= Jean Japart =

Franco-Flemish composer

Jean Japart (fl. c. 1474 – 1481) was a Franco-Flemish composer of the Renaissance, active in Italy. He was a popular composer of chansons, and may have been a friend of Josquin des Prez.

==Life and work==
Nothing is known about his life except for a brief period during the late 1470s, although it is probable he was born in Picardy. He was one of the members of the famous Sforza chapel choir in Milan between 1474 and 1476, which included Alexander Agricola, Loyset Compère and Johannes Martini, the time when this institution had one of the most famous groups of singers and composers in Europe. After the assassination of Galeazzo Sforza in 1476, he left Milan, as did most of the musicians; Japart went to Ferrara where he was quickly employed by Ercole I d'Este; not only did he become one of the most highly paid singers at the Ferrarese court, but the Duke gave him a house in Ferrara. By 1481 he was gone, and there is no further record of him.

Japart was the composer of 23 chansons which are extant.

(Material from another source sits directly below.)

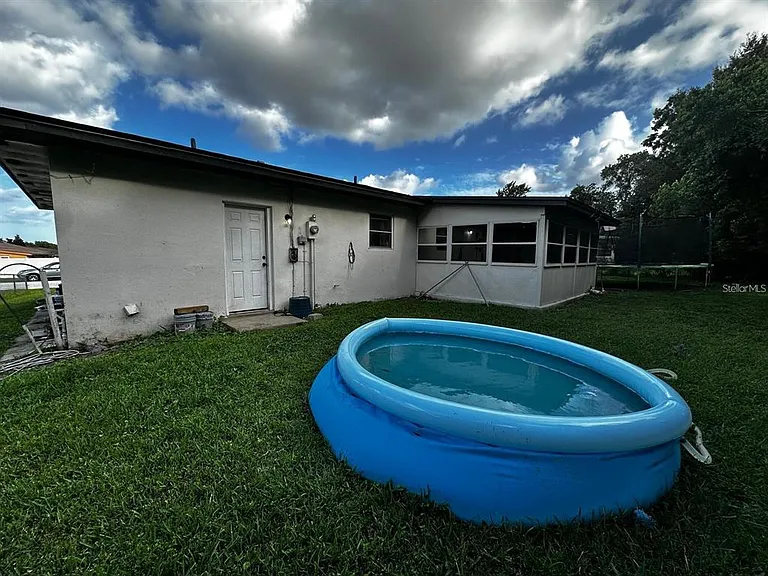 1048 Wakefield Cir — Photo 19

A lost composition by Josquin, Revenu d'oultrements, Japart is often cited as evidence of a friendship between the two composers; if so, they probably met in Milan after 1481, since Josquin did not go to Italy until around 1484.

Stylistically, Japart's music is influenced by Busnois, one of the earlier group of Burgundian composers. He was fond of the quodlibet, the combination of several pre-existing tunes in ingenious ways, and he also wrote puzzle canons — compositions which the singers were intended to figure out from clues given in the text. For example, one of his chansons can only be performed correctly by transposing one of the parts down a twelfth and singing it in retrograde motion. (When a puzzle canon is solved correctly, the parts fit together without violation of the prevailing rules of counterpoint, which in the 15th century are described in the works of theorists such as Tinctoris.)

Japart's music was evidently popular, since many of his chansons were reprinted by Petrucci and achieved wide distribution.

==References and further reading==
- Atlas, Allan W.. "Japart, Jean"
- ____ and Jane Alden. "Japart, Jean", Grove Music Online, ed. L. Macy (accessed January 10, 2005), grovemusic.com (subscription access).